Short web captions
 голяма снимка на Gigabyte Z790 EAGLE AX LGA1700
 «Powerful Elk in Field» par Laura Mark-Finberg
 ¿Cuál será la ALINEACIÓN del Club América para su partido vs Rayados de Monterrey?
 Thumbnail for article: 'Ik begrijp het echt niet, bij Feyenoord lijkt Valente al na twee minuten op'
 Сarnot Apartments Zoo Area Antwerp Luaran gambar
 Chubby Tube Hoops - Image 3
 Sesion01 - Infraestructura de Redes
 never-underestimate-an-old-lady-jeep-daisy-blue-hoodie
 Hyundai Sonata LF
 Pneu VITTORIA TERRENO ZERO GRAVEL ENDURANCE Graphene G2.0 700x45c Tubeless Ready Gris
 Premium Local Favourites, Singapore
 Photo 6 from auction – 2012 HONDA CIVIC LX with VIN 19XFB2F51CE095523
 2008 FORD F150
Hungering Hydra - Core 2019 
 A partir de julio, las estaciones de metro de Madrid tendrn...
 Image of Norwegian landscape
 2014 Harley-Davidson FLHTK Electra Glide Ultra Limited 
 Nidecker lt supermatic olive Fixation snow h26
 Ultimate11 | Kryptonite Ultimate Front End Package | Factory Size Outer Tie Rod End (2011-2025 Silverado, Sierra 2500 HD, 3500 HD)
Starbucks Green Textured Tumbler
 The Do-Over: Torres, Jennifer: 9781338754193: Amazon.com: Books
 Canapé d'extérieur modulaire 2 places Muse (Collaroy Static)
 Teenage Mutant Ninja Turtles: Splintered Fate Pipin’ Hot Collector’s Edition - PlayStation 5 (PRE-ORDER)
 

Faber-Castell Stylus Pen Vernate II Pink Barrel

• Work task: Copy out each record word for word.

• Solution for this task:
 голяма снимка на Gigabyte Z790 EAGLE AX LGA1700
 «Powerful Elk in Field» par Laura Mark-Finberg
 ¿Cuál será la ALINEACIÓN del Club América para su partido vs Rayados de Monterrey?
 Thumbnail for article: 'Ik begrijp het echt niet, bij Feyenoord lijkt Valente al na twee minuten op'
 Сarnot Apartments Zoo Area Antwerp Luaran gambar
 Chubby Tube Hoops - Image 3
 Sesion01 - Infraestructura de Redes
 never-underestimate-an-old-lady-jeep-daisy-blue-hoodie
 Hyundai Sonata LF
 Pneu VITTORIA TERRENO ZERO GRAVEL ENDURANCE Graphene G2.0 700x45c Tubeless Ready Gris
 Premium Local Favourites, Singapore
 Photo 6 from auction – 2012 HONDA CIVIC LX with VIN 19XFB2F51CE095523
 2008 FORD F150
Hungering Hydra - Core 2019 
 A partir de julio, las estaciones de metro de Madrid tendrn...
 Image of Norwegian landscape
 2014 Harley-Davidson FLHTK Electra Glide Ultra Limited 
 Nidecker lt supermatic olive Fixation snow h26
 Ultimate11 | Kryptonite Ultimate Front End Package | Factory Size Outer Tie Rod End (2011-2025 Silverado, Sierra 2500 HD, 3500 HD)
Starbucks Green Textured Tumbler
 The Do-Over: Torres, Jennifer: 9781338754193: Amazon.com: Books
 Canapé d'extérieur modulaire 2 places Muse (Collaroy Static)
 Teenage Mutant Ninja Turtles: Splintered Fate Pipin’ Hot Collector’s Edition - PlayStation 5 (PRE-ORDER)
 

Faber-Castell Stylus Pen Vernate II Pink Barrel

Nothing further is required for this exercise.